The early Christians dwelt so often and so long in the catacombs that when they emerged, accustomed to associate life with the tomb, they doubtless regarded the whole world as a cemetery. The American Puritans inherited the disposition from their early confessors, and so powerful was the tendency that it laid its sombre spirit upon the earliest enduring poem in our literature, and the fresh and smiling nature of the new world was first depicted by our literary art as a tomb:

“The hills,
Rock-ribbed and ancient as the sun; the vales
Stretching in pensive quietness between;
The venerable woods; rivers that move
In majesty; and the complaining brooks
That make the meadows green; and, poured round all,
Old ocean’s gray and melancholy waste,
Are but the solemn decorations all
Of the great tomb of man.”

“Thanatopsis” is the swan-song of Puritanism. Indeed, when New England Puritanism could sing, as for the first time it did in the verse of Bryant, the great change was accomplished. Out of strength had come forth sweetness. I am not decrying the Puritans. They were the stern builders of the modern world, the unconscious heralds of wider liberty, and a kindlier future for mankind. But

“God works in a mysterious way
His wonders to perform,”

and never more mysteriously than when he chose as the pioneers of religious liberty in the New World those who hung Quakers, and as the founders of civil equality those who permitted only members of their own Church to vote.

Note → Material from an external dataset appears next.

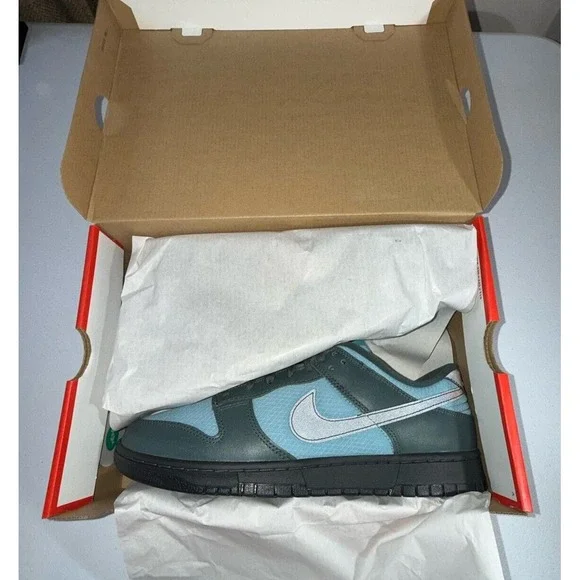 Nike Dunk Low Retro SE Vintage Green/Black-Denim Turq (FZ3052-300) Size 12 - Picture 12 of 14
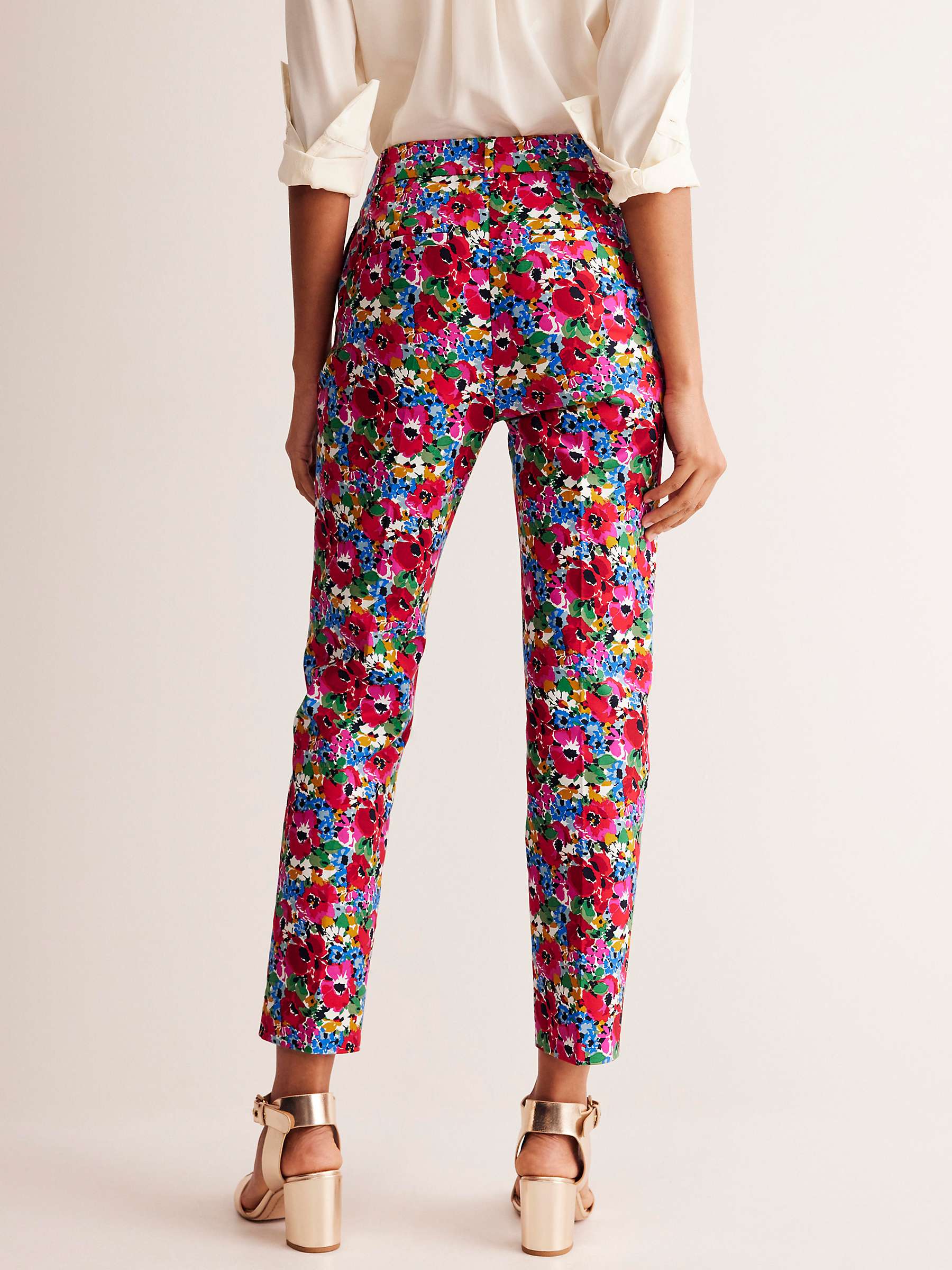 Buy Boden Highgate Wild Poppy Sateen Floral Tailored Trousers, Multi Online at johnlewis.com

Irving was not a studious boy. He did not go to college. He read some law at sixteen, but he read much more literature, and sauntered in the country about New York with his gun and fishing-rod. He sailed up the Hudson, and explored for the first time the realm that was presently to be his forever by the right of eminent domain of the imagination. New York was a snug little city in those days. At the beginning of the century it was all below the present City Hall, and the young fellow, who was born a cosmopolitan, greatly enjoyed the charms of the modest society in which the Dutch and the English circles were still somewhat separated, and in which such literary cultivation as there was was necessarily foreign. But while he enjoyed he observed, and his literary instinct began to stir.

Under the name of “Jonathan Oldstyle”, the young Irving printed in his brother’s newspaper essays in the style of the Spectator, discussing topics of the town, and the modest theatre in John Street and its chance actors, as if it had been Drury Lane with Garrick and Mrs. Siddons. The little town kindly smiled upon the lively efforts of the Presbyterian deacon’s son; and its welcome of his small essays, the provincial echo of the famous Queen Anne’s men in London, is a touching revelation of our scant and spare native literary talent. The essays are forgotten now, but they were enough to bring Charles Brockden Brown to find the young author, and to tempt him, but in vain, to write for The Literary Magazine and American Register, which the novelist was just beginning in Philadelphia, a pioneer of American literary magazines, which Brown sustained for five years.

The youthful Addison of New Amsterdam was a delicate lad, and when he came of age he sailed for France and the Mediterranean, and passed two years in travelling. Napoleon Bonaparte was emperor, and at war with England, and the young American, despite his passport, was everywhere believed to be an Englishman. Travelling was hard work in those days of war, but the cheery youth proved the truth of the proverb that a light heart and a whole pair of breeches go round the world. At Messina, in Sicily, he saw Nelson’s fleet pass through the strait, looking for the French ships; and before the year ended the famous battle of Trafalgar had been fought, and at Greenwich in England Irving saw the body of the great sailor lying in state, wrapped in his flag of victory. At Rome he made the acquaintance of Washington Allston, and almost resolved to be a painter. In Paris he saw Madame de Stael, who overwhelmed him with eager questions about his remote and unknown country, and in London he was enchanted by Mrs. Siddons. Some years afterwards, when the Sketch Book had made him famous, he was presented to Mrs. Siddons, and the great actress said to him, in her deepest voice and with her stateliest manner, “You’ve made me weep.” The modest young author was utterly abashed, and could say nothing. After the publication of his Bracebridge Hall he was once more presented to her, and again with gloomy grandeur she said to him, “You’ve made me weep again.” This time Irving received the solemn salute with more composure, and doubtless retorted with a compliment magnificent enough even for the sovereign Queen of Tragedy, who, as her niece Mrs. Fanny Kemble said of her, never laid aside her great manner, and at the dinner-table brandished her fork and stabbed the potatoes.